On the play above, he lined up in a two-point stance outside of the tight end and flat beat the left tackle to the quarterback. The left tackle barely even got his hands on Kaufusi before the big Provo native hit the quarterback. Sound like something that could happen on Saturday?

Here's more from Kaufusi.

-- With a strong pass rush from a BYU front that knows how to shoot their hands aggressively and consistently, the secondary is content to provide a bit of cushion, keep their eyes on the quarterback, and break on balls in front of them. In some ways, it's a similar philosophy to what Texas head coach Charlie Strong wants to run.

-- As Strong says, he doesn't think that teams have the patience to move the ball down the field and it's not hard to see that BYU head coach Bronco Mendenhall feels the same way. Pressure the quarterback with the front, force short throws, rally, and tackle.

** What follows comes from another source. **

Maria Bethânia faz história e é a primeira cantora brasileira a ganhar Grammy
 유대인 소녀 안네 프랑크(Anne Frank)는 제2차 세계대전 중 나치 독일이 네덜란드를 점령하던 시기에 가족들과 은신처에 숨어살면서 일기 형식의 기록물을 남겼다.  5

-- BYU didn't feel threatened enough by the UConn run game to commit a safety to the box, sitting back with two deep safeties for much of the game, convinced that the front could handle the run game. If the Cougars can stop the Horns run game with even numbers, things will get extremely difficult for Swoopes and the offense on Saturday and the play-action passes won't be as easy, especially since there won't be one-on-one coverage to the side of the X receiver John Harris, who had such a big game last week.

-- Getting comfortable in the passing game just wasn't possible for the Huskies with the quarterback constantly under pressure and the wide receivers unable to create separation down the field. Some of that was the weakness of the UConn offense and a lot of was the strength of the BYU defense, which should have a chance to rank at least in the top-30 nationally this season.